The present application claims the benefit and/or priority of German Application No. 10 2022 212 414.6 filed on Nov. 21, 2022, the content of which is incorporated by reference herein.
Embodiments of the present application relate to a method for automatically providing traffic information at an intersection, and to an associated apparatus.
Intersections are typically characterized by two or more roads crossing or by one road joining another. At these junctions, situations often arise in which multiple vehicles want to cross the intersection at the same time, while typically trying to avoid collisions. Up to now, this has typically worked by means of right-of-way rules or light-signaling systems, which are observed by human drivers. Increasingly, however, it is intended for driving to be automated, which means that relevant information must be provided for automated vehicle control. This information can in particular involve traffic information.
According to an aspect of an embodiment, there is provided a method for providing traffic information at an intersection, which is carried out in an alternative or better manner than in known designs. According to an aspect of an embodiment, there is provided an associated apparatus.
According to an aspect of an embodiment, there is provided a method for the automated provision of traffic information at an intersection, including: detecting first trajectories of a plurality of vehicles over one or more first time intervals, identifying first paths on the basis of a plurality of first trajectories in each case, and providing the first paths and/or first information derived from them as first traffic information.

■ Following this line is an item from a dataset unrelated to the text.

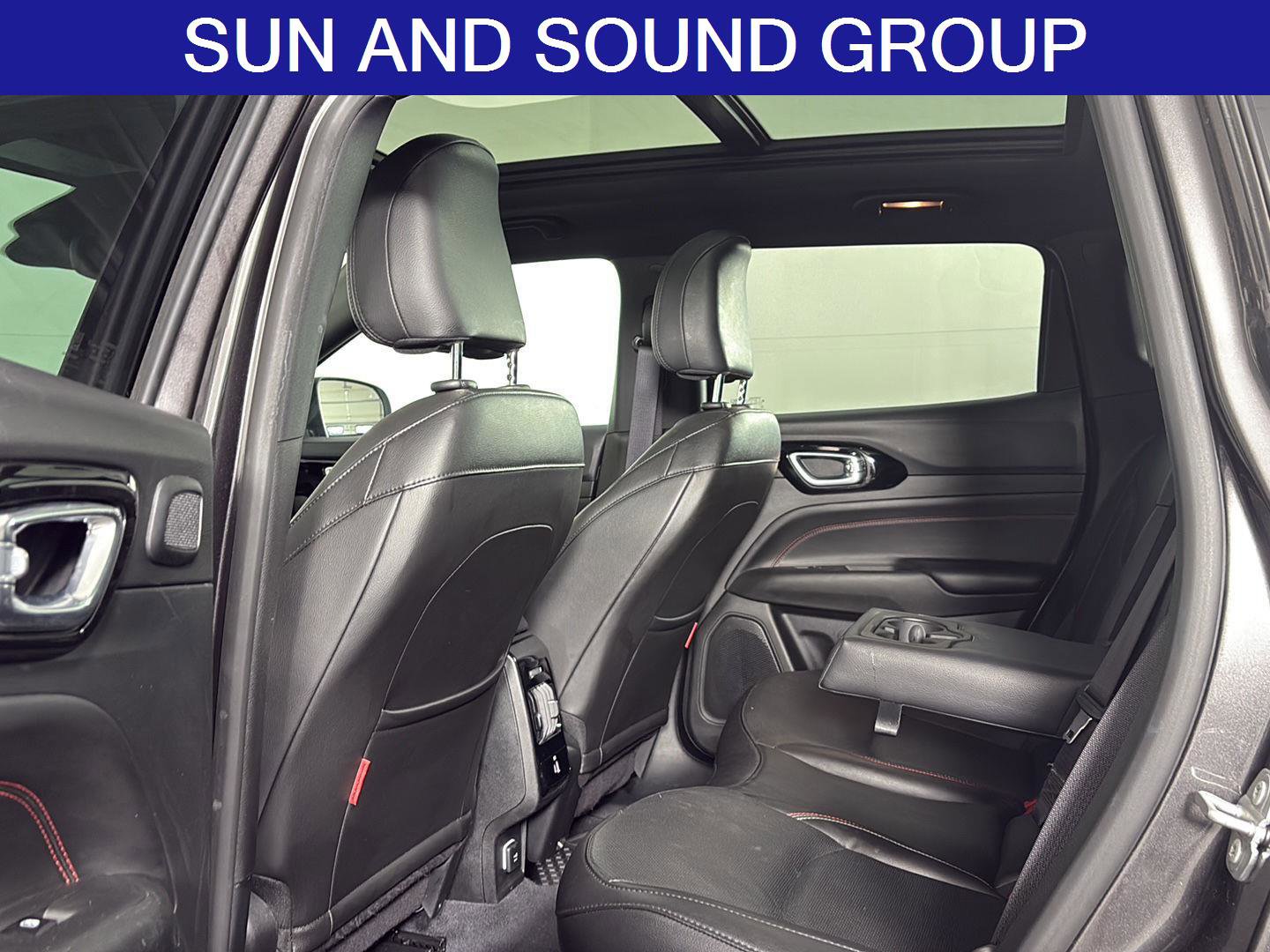 Used 2023 Jeep Compass Trailhawk w/ Trailhawk Elite Group image 22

By means of such a method, traffic information can be provided, which can be used for monitoring an intersection or for controlling the traffic flow and/or individual vehicles. Detecting trajectories allows actual movements of vehicles to be detected as they cross the intersection. Thus, the first traffic information derived from this gives an indication of how vehicles move near and on the intersection. For example, derived information may be the critical points or intersection points mentioned below, but it may also be other information.

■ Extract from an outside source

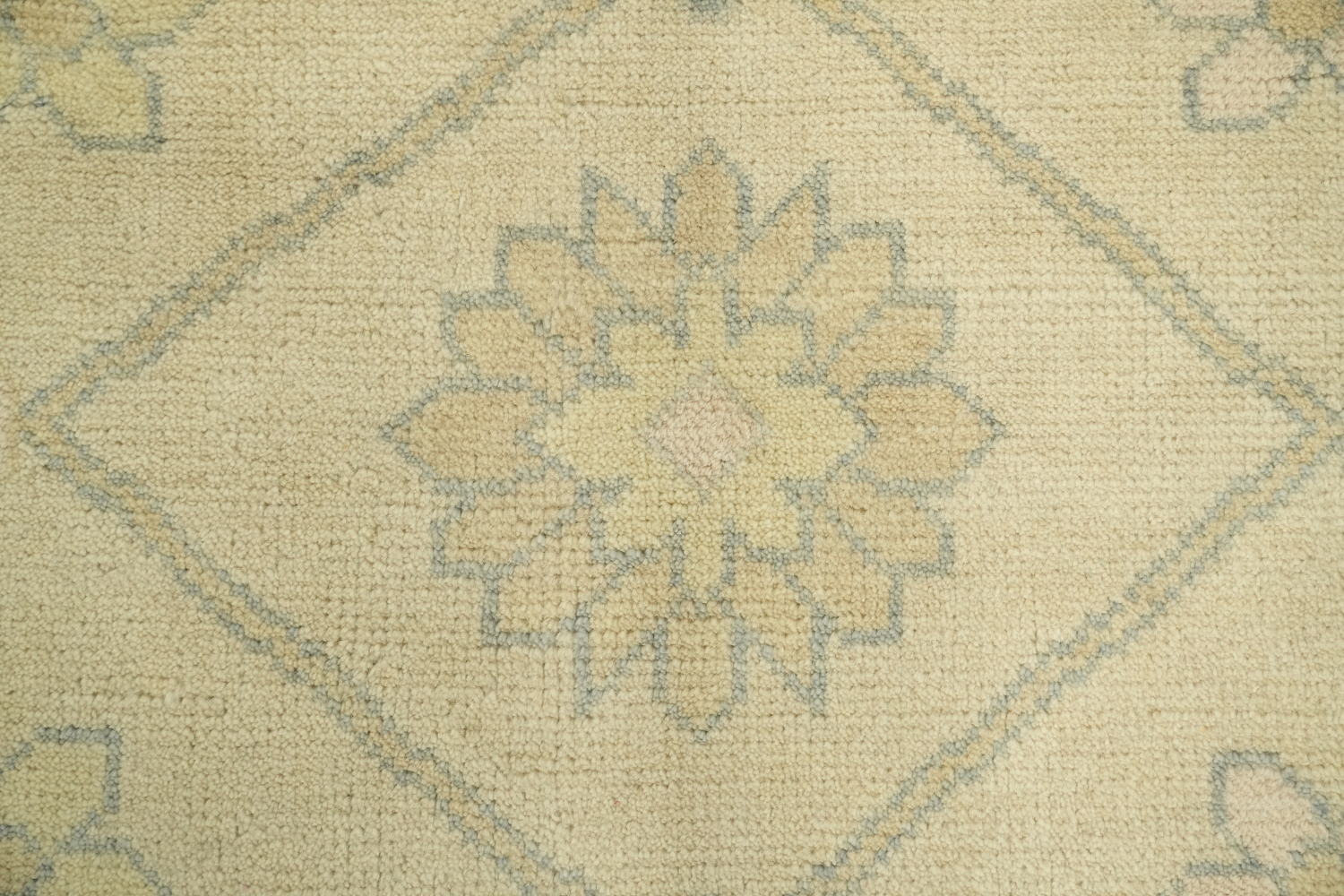 9'x12' Neutral Tone Muted Oushak Living Room Rug with Classic Distressed Pattern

The provision of traffic information is carried out in particular by means of an electronic device. The trajectories are detected in particular by means of environment sensors or other devices. The identification of paths and the derivation of information are also carried out in particular by means of an electronic device.
A trajectory here typically means a path that a vehicle has actually travelled. For example, only a first time interval may be used, which in particular can be contiguous. It is also possible to divide the detection process over multiple first time intervals, which are in particular non-contiguous and/or non-overlapping. Data obtained in this way can then be evaluated and further processed together.
When paths are identified on the basis of the trajectories, the paths can be identified such that they indicate which trajectories are typically driven. For example, techniques such as averaging can be used. The provision of the first traffic information or other information can be carried out in particular in such a way that the information is sent to another unit and/or stored in a memory. This information can then be used, for example, by a vehicle controller or a traffic monitoring system.
In particular, the method can be carried out in a plurality of first time intervals, wherein trajectories that have been detected during a plurality of first time intervals are used together in the identification of first paths for the first time intervals. This allows the detection process to be divided into a plurality of first time intervals, which can share a certain characteristic such as a specific traffic light phase or a specific time of day. This can improve the detection process, since a plurality of such first time intervals, for example each having this characteristic, can be evaluated together.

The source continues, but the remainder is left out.